§ **PROVIDED RECORDS**
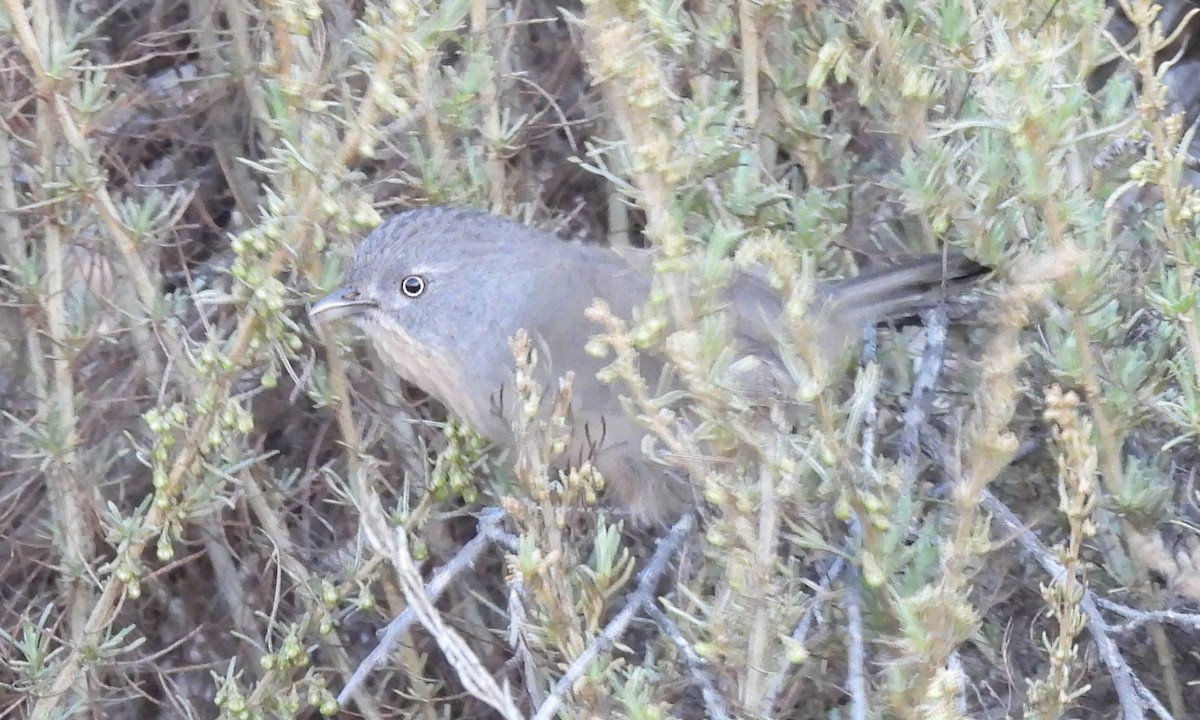 Wrentit - ML644304826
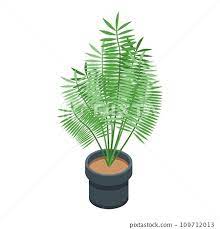 Jungle Palm Tree Pot Icon Isometric Of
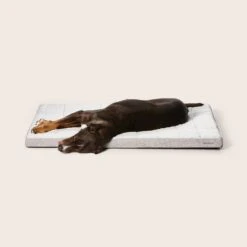 Cooling Comfort Orthobed -Snooza Sales Store Cooling Comfort Orthobed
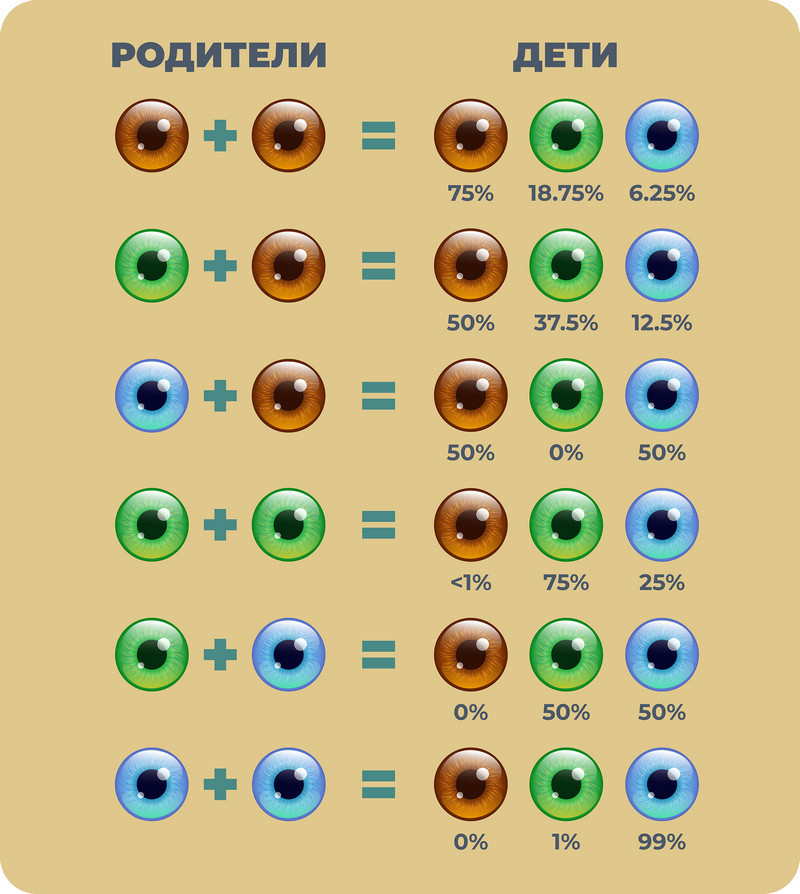 Владимир, игрок в кальмара tweet media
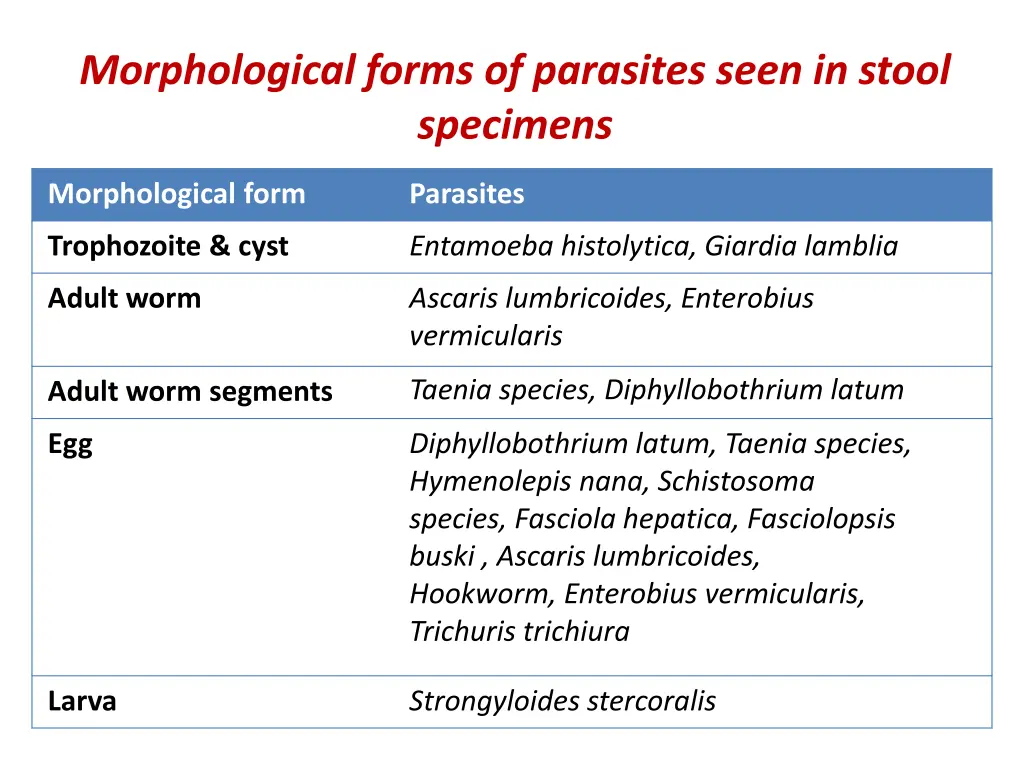 morphological forms of parasites seen in stool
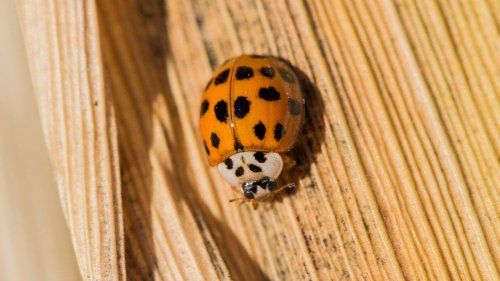 Orange ladybugs and the spiritual meaning behind the insect: What to know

§ **DIRECTIONS**
Transcribe the listing in full. Leave the pictures out.

§ **ANSWER AREA**
 Wrentit - ML644304826
 Jungle Palm Tree Pot Icon Isometric Of
 Cooling Comfort Orthobed -Snooza Sales Store Cooling Comfort Orthobed
 Владимир, игрок в кальмара tweet media
 morphological forms of parasites seen in stool
 Orange ladybugs and the spiritual meaning behind the insect: What to know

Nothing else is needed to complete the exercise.